Creditors are usually not very eager to enter into unfavorable extension or moratorium agreements with a company that are burning more cash than the net cash-flow allows, that can not honor their financing repayments, that are factually insolvent, that fool-heartedly neglects to implement serious cost-cutting measurements and that eight months down the line since their huge troubles came to the fore, still haven’t restructured business operations, unprofitable units and their over-stocked staff compliment.

This creditor moratorium agreement will at best only extend the eventual unavoidable which the directors are still denying at this stage.

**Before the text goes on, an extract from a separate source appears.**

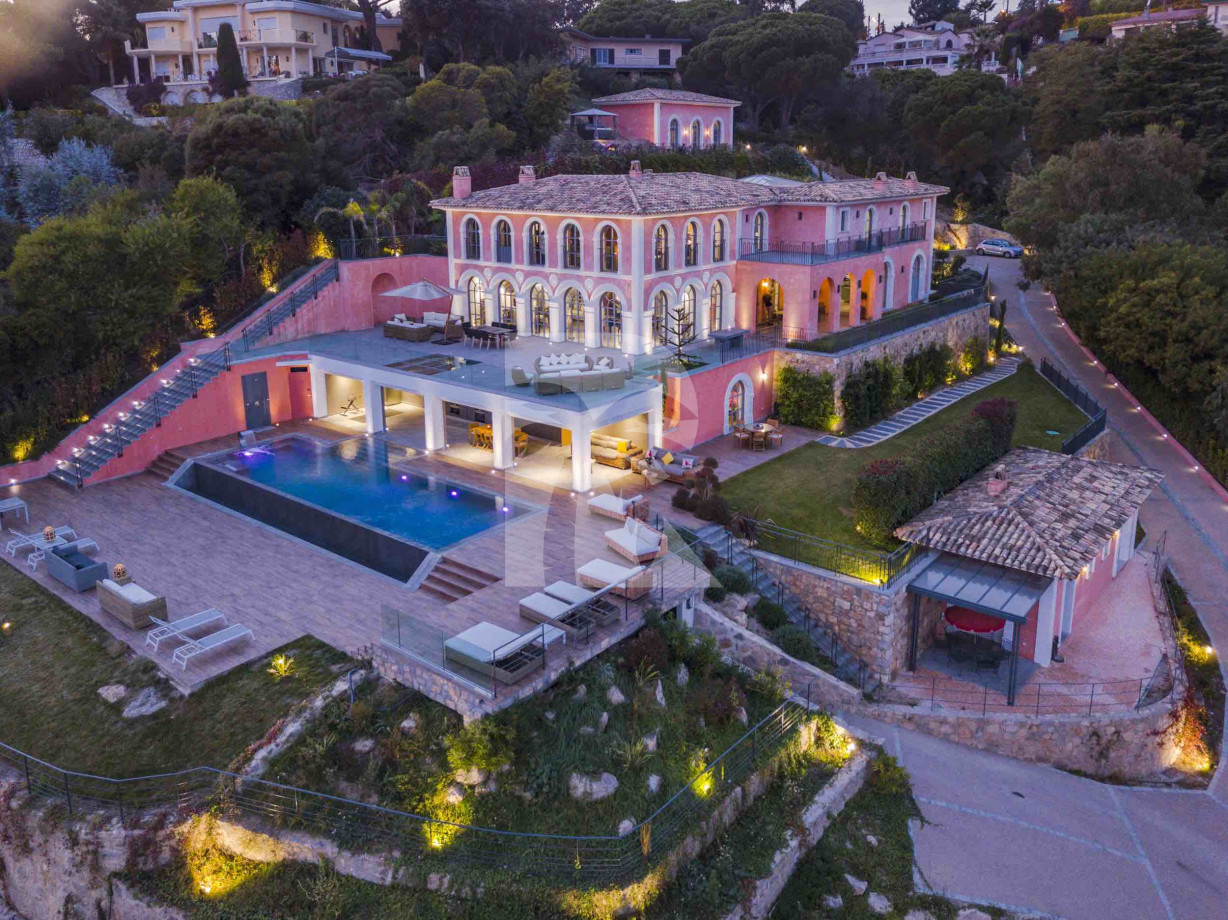 villa in Cannes : Rent Stunning 9 bedroom mansion in the hills of Cannes with incredible sea views, swimming pool and spacious gardens - Photo 6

Please provide proof to substantiate your claims made above.

My opinion is SNH will get the funding they require this week.

Their weakness is a strength – creditors are probably trying to negotiate better loan terms with SNH but SNH can offer a take it or leave it scenario to the creditors who in turn will likely opt for the lesser evil

@LarensK it isn’t worth your time, trust me. France has many good things to say, but sometimes he/she just comments for the sake of it.

There is NO indication of low interest by creditors, as they are the one’s that negotiated the plan in the first place. This is merely a paperwork issue. 170 page agreement with many, many institutions involved. The sheer admin time constraint alone makes the initial agreement of a few days very short.

Just let the people from the cheap stand yell, while we accumulate at low levels. The agreement will meet the threshold, I am not worried about that at all.

You claim to have valuable information that could be confidential.

Care to share it with those out there who are not that well informed?

“In his opinion”…..

More fool for the creditors if they accept any form of debt standstill for the next three years. These same execs at Steinhoff, especially the current acting CEO, is Jooste’s right-hand man for the past 30 years.

In three years time there will be no money in Steinhoff to pay creditors. The execs are only interested in lining their own pockets for the next three years. ALL the execs and non execs who were part of the old board should be criminally charged and sued personally for losses.

Liquidate Steinhoff a.s.a.p.

As opposed to liquidation? I mean that seems so appetizing right now.

I am sure the sales will be orderly and creditors will receive more under fire sales. #NOT.

liquidations are dirty and nasty and worse in the Steinhoff case where the true value of the assets is unknown. It’s better to hold bonds of a running entity….

Most members of the current board have vested interests in this three year standstill ……..

Dissolve the board, appoint an “Administrative Board” comprising of creditors, employees, shareholders, and qualifying independents …….. no past nor current execs and non execs allowed.

Then maybe, just maybe Steinhoff will survive the next three years to accumulate cash to pay the creditors.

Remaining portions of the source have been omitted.